Раут предупредил меня, что в течение большей части академического года мне предстоит упорная работа, если я хочу быть на одном уровне с молодыми математическими атлетами, которых он готовил. И он был прав. Я пережил немало минут отчаяния и нуждался в том моральном и духовном подкреплении, которое могла мне дать только часовня Королевского колледжа. Раут был блестящим мастером тренировки даже тех студентов, кого, как и меня, не влекло к математическому конкурсу. Он, действительно, был чудом и всё, что бы он ни делал, исполнялось с легкостью и с такой непринужденностью, что самые тяжелые математические задачи были для него лишь легкой забавой. Задачи, над которыми я безуспешно часами ломал голову, он решал в несколько секунд. Он был виртуозом в математической технике и готовил тоже виртуозов. Я никогда не чувствовал себя таким маленьким и униженным, каким был в ранний период моего учения у Раута. Тщеславию и ложной гордости не было места в моем сердце, когда я наблюдал, как Раут с невероятной легкостью грыз одну за другой сложнейшие задачи по динамике. Я сравнивал себя с простым, мало известным музыкантом, восхищающимся игрой Падеревского или Крейслёра.

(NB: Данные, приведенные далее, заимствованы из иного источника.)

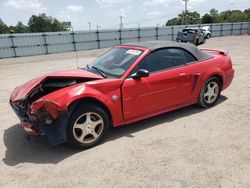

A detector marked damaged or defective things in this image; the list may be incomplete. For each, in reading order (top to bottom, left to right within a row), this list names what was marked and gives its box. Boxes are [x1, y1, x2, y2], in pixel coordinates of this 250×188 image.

damaged front end [9, 72, 101, 145] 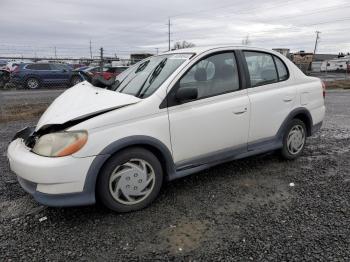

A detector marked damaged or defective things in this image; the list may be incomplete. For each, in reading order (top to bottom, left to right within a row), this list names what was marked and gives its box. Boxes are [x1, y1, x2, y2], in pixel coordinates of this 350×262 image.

damaged front hood [35, 82, 139, 130] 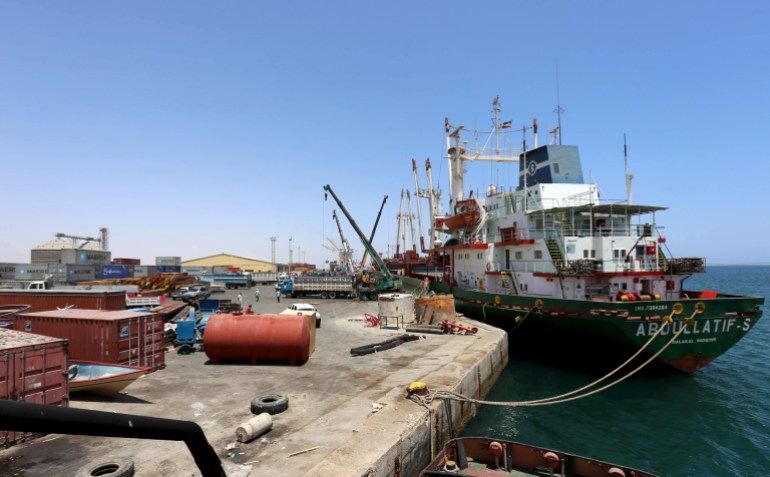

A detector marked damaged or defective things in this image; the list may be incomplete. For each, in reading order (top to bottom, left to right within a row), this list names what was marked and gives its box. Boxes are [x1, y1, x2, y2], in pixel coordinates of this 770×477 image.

rusty fuel tank [207, 312, 312, 364] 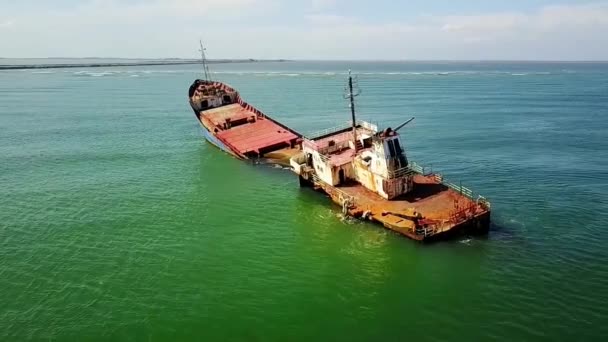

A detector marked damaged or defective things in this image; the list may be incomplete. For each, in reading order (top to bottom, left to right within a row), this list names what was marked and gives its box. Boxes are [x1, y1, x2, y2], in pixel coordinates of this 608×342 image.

rusty cargo ship [188, 58, 492, 242] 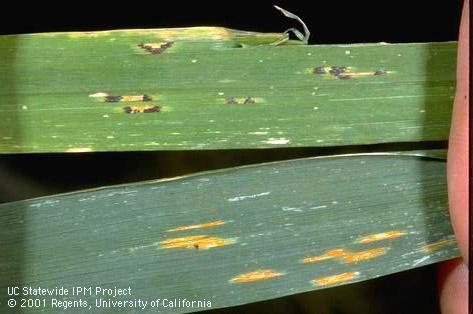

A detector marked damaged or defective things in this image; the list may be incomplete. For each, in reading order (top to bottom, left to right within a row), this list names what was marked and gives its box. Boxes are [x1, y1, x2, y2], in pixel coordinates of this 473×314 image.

orange rust pustule [230, 268, 284, 284] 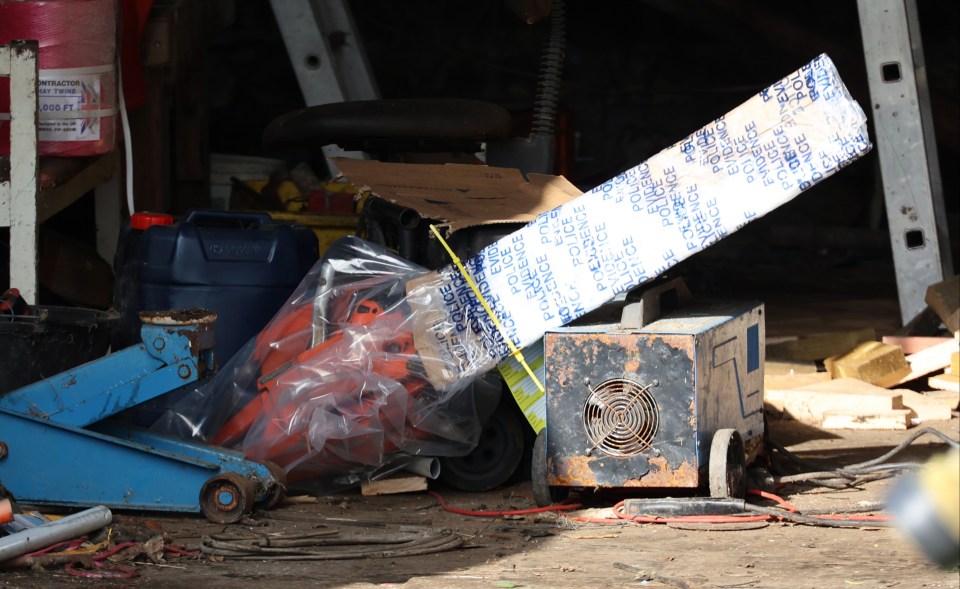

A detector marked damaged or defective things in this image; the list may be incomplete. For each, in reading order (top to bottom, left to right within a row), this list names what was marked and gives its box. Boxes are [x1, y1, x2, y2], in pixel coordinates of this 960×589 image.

torn cardboard flap [334, 161, 580, 237]
rusty metal box [548, 300, 764, 490]
rusty machine wheel [200, 470, 255, 520]
rusted paint patch [624, 454, 696, 486]
rusty machine wheel [704, 428, 752, 496] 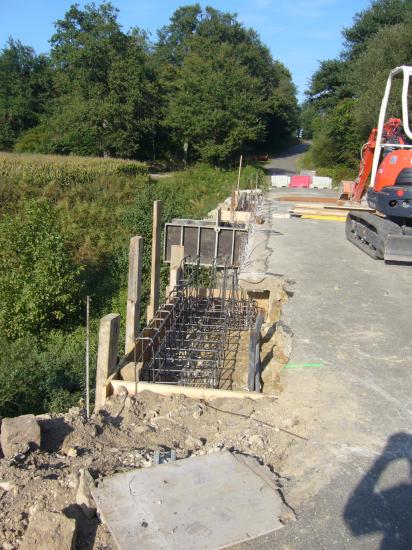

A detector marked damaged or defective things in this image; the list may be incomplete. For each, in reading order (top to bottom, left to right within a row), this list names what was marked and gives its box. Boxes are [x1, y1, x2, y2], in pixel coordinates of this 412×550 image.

Задолго до конца академического года я окончил предварительный конкурсный курс Раута по динамике и связанный с ним курс вспомогательной математики и приобрел хорошие навыки в решении задач по динамике. Мне было трудно идти в ногу с другими студентами классов Раута, но всё же я сумел догнать их, и Найвен был очень доволен этим. Однако сам я не радовался. Я не думал, что я нашел во время этих занятий то, чего я искал. С течением времени я узнал, что такое мнение было не только у меня. Многие кэмбриджские профессора и студенты не находили в конкурсной муштре стимулирующих элементов того научного духа, который ведет к самостоятельному исследованию. Когда я приехал в Кэмбридж, я был похож на гуся, ощупью отыскивающего дорогу в тумане. Но если бы я приехал из английского колледжа, как многообещающий кандидат на конкурс, с программой, подготовленной для меня моими наставниками в согласии с требованиями и традициями Кэмбриджа, я никогда бы не узнал того, что в то время в Кэмбридже развертывалось эпохальное научное движение, значение которого не может быть переоценено. Я вернусь к этому позже.